L’accompagnement de la quenelle !

Le premier jour de l’année de la quenelle commence avec une bonne nouvelle pour tous les « quenelliers ». Désormais au cas où ils feraient l’objet de mesures répressives (perte d’emploi, agression, chasse à l’homme, voire même la prison), ils ont la possibilité de les esquiver  en brandissant cet argument imparable « c’était juste un brossage d’épaule » et d’ajouter « c’est très courant aux USA, même le président Obama en fait ».

Référence : Le Point /

C’est en tout cas l’explication fournie par « Le Point  » pour expliquer un cliché montrant Obama faire apparemment le salut de la Quenelle en compagnie de Béyoncé et de Jay Z à la maison blanche :

obama election jayz beyonce quenelle

Vous ne rêvez pas : c’est bien Barack Obama et Jay-Z qui, sur cette photo, effectuent ce geste de la main vers l’épaule, ce bras d’honneur et/ou salut nazi inversé, rendu célèbre par Dieudonné et devenu l’objet d’un débat acharné.

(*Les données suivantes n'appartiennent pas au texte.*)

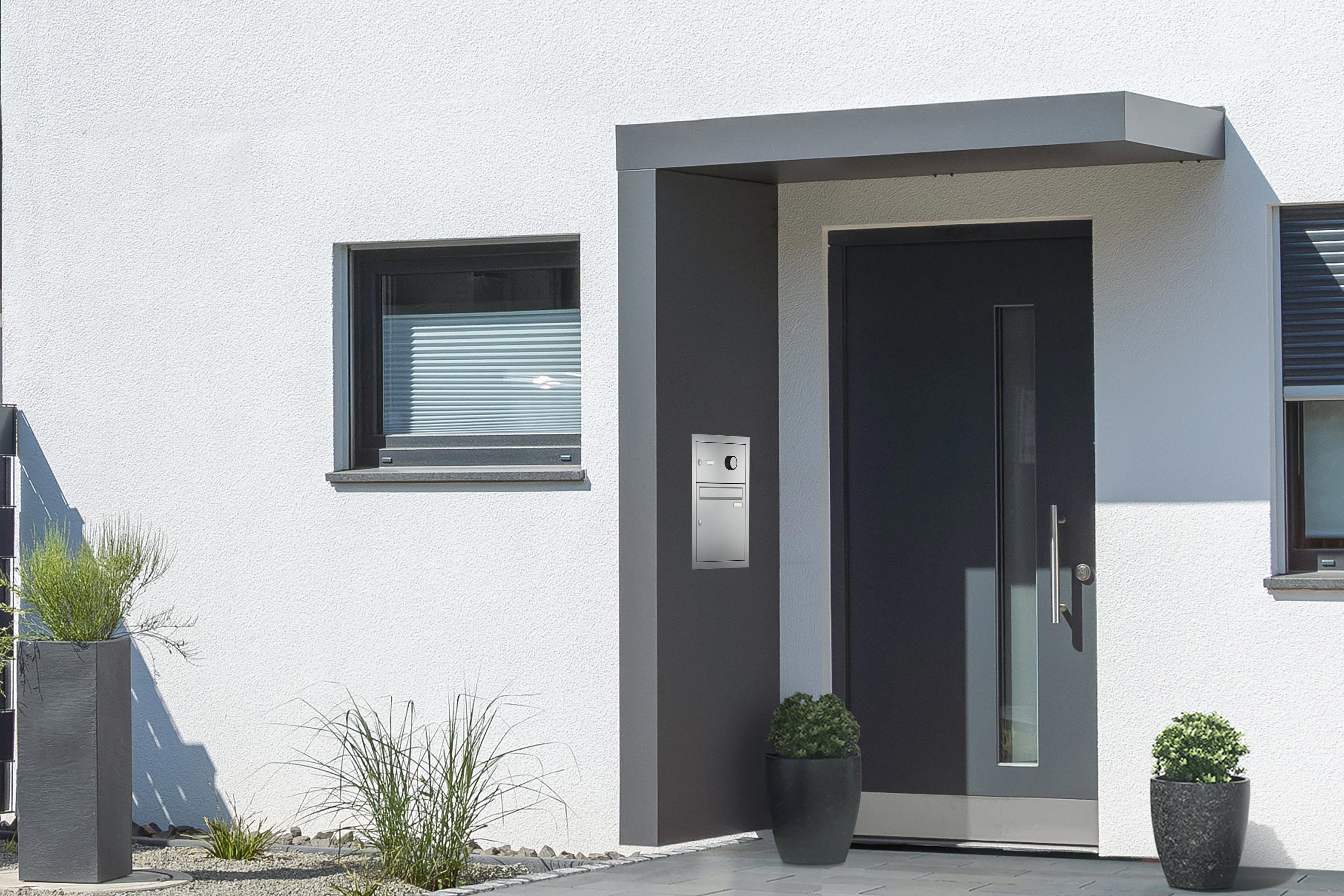 Rechteckvordach BS Plus 160 mit Seitenteil links anthrazit und Briefkasten Audio Edelstahl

Car le président américain est en train de se brosser l’épaule. Durant la campagne des primaires en 2008, le candidat Obama s’était ainsi brossé l’épaule pour balayer les critiques de sa challenger démocrate Hillary Clinton.

Pour poursuivre dans la même veine, bien d’autres  » brossages d’épaules  »  ont étés pris à tort pour des quenelles.

Pour assurer votre défense en cas de problème. Il faut savoir que jusqu’à nouvel ordre, aucune loi n’interdit le brossage d’épaule, donc légalement l’argument est absolument imparable.

Et un grand merci au journal « Le Point » pour avoir ainsi aidé les « quenelliers » dans leur combat.

C’est une référence à la musique de JayZ ce démon « Dirt Off your Shoulders ».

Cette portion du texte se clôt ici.